– Я думал сделать вам сюрприз, герцог; но от вас ничего не скроешь.
– Признаюсь, что это трудно.
– По крайней мере, я возьму вас с собой: вам необходимо участвовать в пиршестве.
– Я принужден буду извиниться, у короля сегодня совет; но во все время заседания не перестану думать о забаве, на которой не могу присутствовать. Впрочем, прибавил кардинал, снова переходя в шутливый тон: – это неудавшаяся охота, и я не рискую сказав, что лютый вепрь ускользает от вас.
И кардинал с развязностью и манерами, на которые он может быть один был способен в таких обстоятельствах, подал принцу рубашку и, поклонившись с улыбкой, поспешил открыть заседание, чтобы просить или скорее приказать примерное мщение.
Несколько дней прошло таким образом, что никто и не подозревал, что дело Флёри могло иметь последствия, ибо совещания по этому поводу были покрыты глубокой таинственностью. Заговорщикам было очень жаль упустить случай, который мог не повториться. Об этом часто толковали у королевы, и госпожа Шеврёз, хотя и не высказывала, но сильно сомневалась в скромности ветреного Шалэ. Она не раз пыталась вырвать у него признание в моменты, когда любовь обыкновенно бывает откровенна: но он ничего не хотел сказать и даже сердился за подозрение, которое, как он говорил, оскорбляло его совесть.

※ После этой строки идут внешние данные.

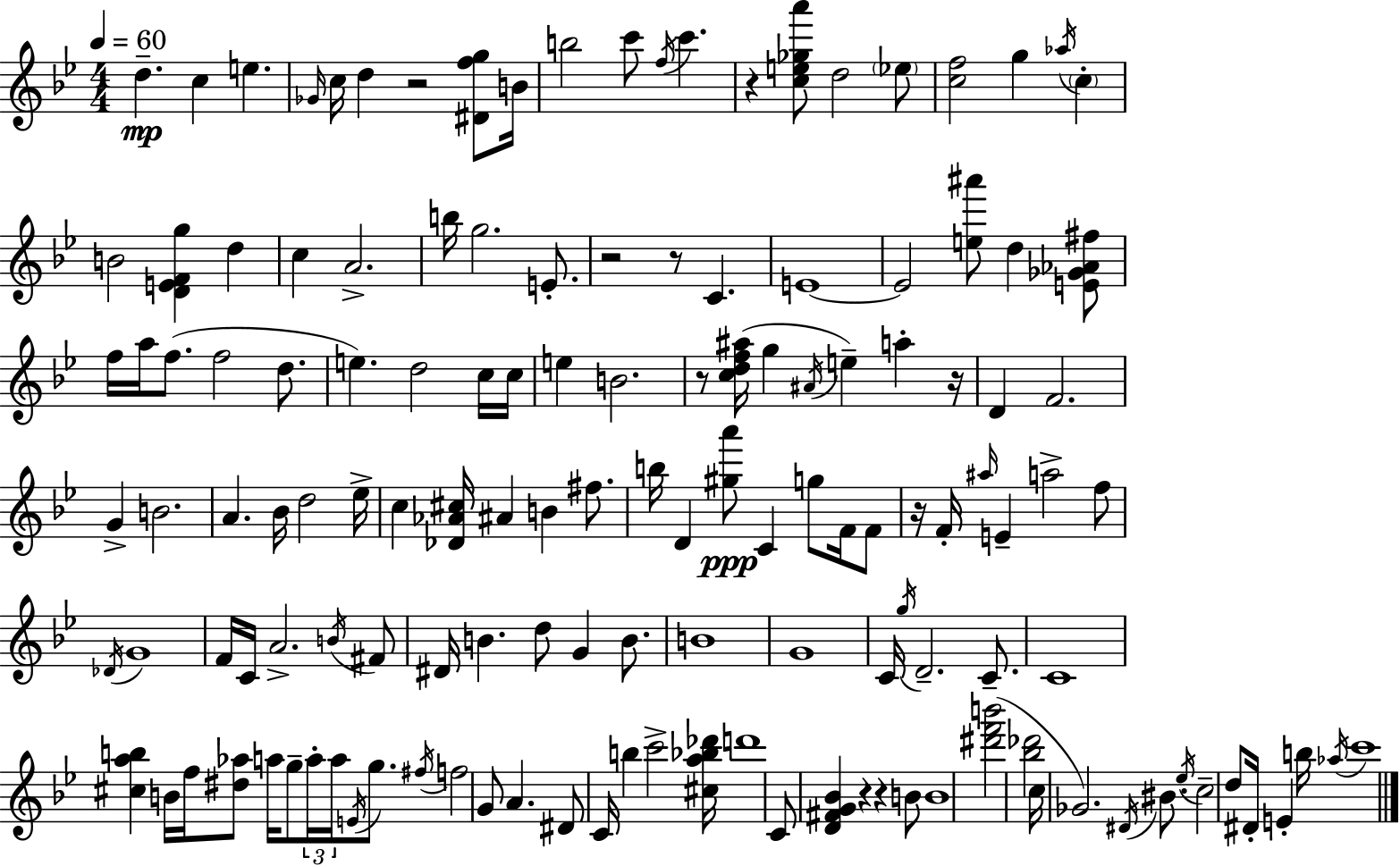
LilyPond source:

{
  \clef treble
  \numericTimeSignature
  \time 4/4
  \key bes \major
  \tempo 4 = 60
  \repeat volta 2 { d''4.--\mp c''4 e''4. | \grace { ges'16 } c''16 d''4 r2 <dis' f'' g''>8 | b'16 b''2 c'''8 \acciaccatura { f''16 } c'''4. | r4 <c'' e'' ges'' a'''>8 d''2 | \break \parenthesize ees''8 <c'' f''>2 g''4 \acciaccatura { aes''16 } \parenthesize c''4-. | b'2 <d' e' f' g''>4 d''4 | c''4 a'2.-> | b''16 g''2. | \break e'8.-. r2 r8 c'4. | e'1~~ | e'2 <e'' ais'''>8 d''4 | <e' ges' aes' fis''>8 f''16 a''16 f''8.( f''2 | \break d''8. e''4.) d''2 | c''16 c''16 e''4 b'2. | r8 <c'' d'' f'' ais''>16( g''4 \acciaccatura { ais'16 } e''4--) a''4-. | r16 d'4 f'2. | \break g'4-> b'2. | a'4. bes'16 d''2 | ees''16-> c''4 <des' aes' cis''>16 ais'4 b'4 | fis''8. b''16 d'4 <gis'' a'''>8\ppp c'4 g''8 | \break f'16 f'8 r16 f'16-. \grace { ais''16 } e'4-- a''2-> | f''8 \acciaccatura { des'16 } g'1 | f'16 c'16 a'2.-> | \acciaccatura { b'16 } fis'8 dis'16 b'4. d''8 | \break g'4 b'8. b'1 | g'1 | c'16 \acciaccatura { g''16 } d'2.-- | c'8.-- c'1 | \break <cis'' a'' b''>4 b'16 f''16 <dis'' aes''>8 | a''16 g''8-- \tuplet 3/2 { a''16-. a''16 \acciaccatura { e'16 } } g''8. \acciaccatura { fis''16 } f''2 | g'8 a'4. dis'8 c'16 b''4 | c'''2-> <cis'' a'' bes'' des'''>16 d'''1 | \break c'8 <d' fis' g' bes'>4 | r4 r4 b'8 b'1 | <dis''' f''' b'''>2( | <bes'' des'''>2 c''16 ges'2.) | \break \acciaccatura { dis'16 } bis'8. \acciaccatura { ees''16 } c''2-- | d''8 dis'16-. e'4-. b''16 \acciaccatura { aes''16 } c'''1 | } \bar "|."
}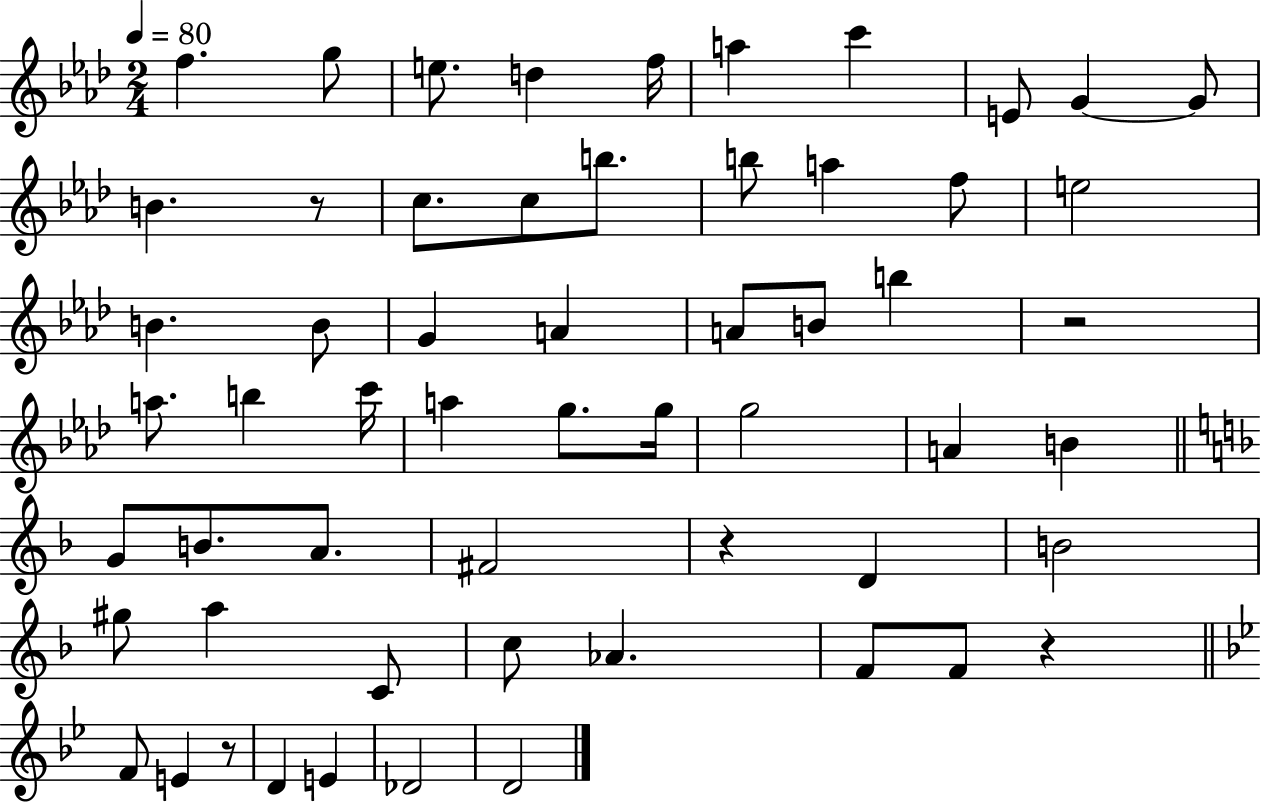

– Увы, друг мой, отвечала, смеясь, герцогиня: – ваша совесть хорошей конструкции, но это сосуд, который протекает.
Наконец, однажды утром разнеслась весть, что Вандомы были арестованы в постелях, по приказанию короля, и отвезены – один в Амбуаз, а другой в Венсенский лес. Поводом ареста двух незаконных братьев Людовика ХIII, понятно не была экспедиция Флёри, которая как направленная против подданного, не могла достаточно оправдать такой суровой меры. Кардинал был слишком хитер, чтобы прибегнуть к подобному средству: принцы обвинялись в том, что отсоветовали Монсье исполнять обязанности относительно его величества, т. е. это значило для сведущих людей, что они противились женитьбе молодого Гастона на ветреной Комбалле. Для придания большей силы обвинению, двор объявил, что великий приор вошел в преступные сношения в своей Бретни с Испанией и Англией: эти обвинения послужили даже поводом путешествия короля в Нант, чтобы раскрыть, как он говорил, поведение его незаконного брата или скорее – поддержать его арест ходом процесса.
Узнав об этих суровых мерах, Шалэ не мог долее выдержать: он стремился отомстить коварному кардиналу, который так зло пошутил своим мнимым милосердием, и признался у ног герцогини в своей ветрености, бывшей причиной несчастья арестованных принцев. Потом, вставь в страшном гневе, он сказал, что если бы даже ему было суждено погибнуть на эшафоте, он все-таки душой и телом пристанет к партии Монсье.
Партия эта, со времени ареста Вандомов, изменила свою цель: Гастон, оскорбленный дерзостью кардинала и боясь сам лишиться свободы, задумал покинуть Францию. Обыкновенные его советники, Пюилоран, Ларивьер, Рошфор и Кольё, убаюкивали его надеждами вступить в союз или с Испанией или с герцогом Лотарингским и возвратиться во главе армии, чтобы, вырвав скипетр из рук Ришельё, отдать его Людовику ХIII. Министру было известно это намерение, которое он считал благоприятным для своих видов. Действительно, он предполагал, с наступлением удобного времени, описать эту эмиграцию самыми мрачными красками в глазах легковерного государя, как обстоятельство, имевшее неизбежно повлечь за собой междоусобную войну. Стоило только возбудить живейший страх в душе короля, тогда было уже легко одержать победу над его отвращением к женитьбе Гастона, как более способного к произведению потомства; ибо ясно, что Гастон, вступив в брак, не стал бы думать о нарушении мира в государстве, которое должно перейти к его сыну, если бы только у него был сын. А так как у принца не было готовой невесты принцессы, а обстоятельства требовали его брака, то его эминенция снова мог предложить свою племянницу, на что король вероятно поспешит согласиться во избежание междоусобия, а Монсье женится охотно, чтобы избавиться от темницы. Но исполнение этого блистательного проекта, т. е. продолжение могущества Ришельё при Гастоне, Анна могла уничтожить своею беременностью. Поэтому необходимо было удалить эту государыню, которую кардинал ненавидел теперь от души, или если бы и не удалось довести нерешительного Людовика XIII до развода, то, по крайней мере, постараться заставить его разойтись безвозвратно с женой. Иначе незаконнорожденный принц мог увенчать успехом интриги герцогини Шеврёз, очевидно направленные к этой цели.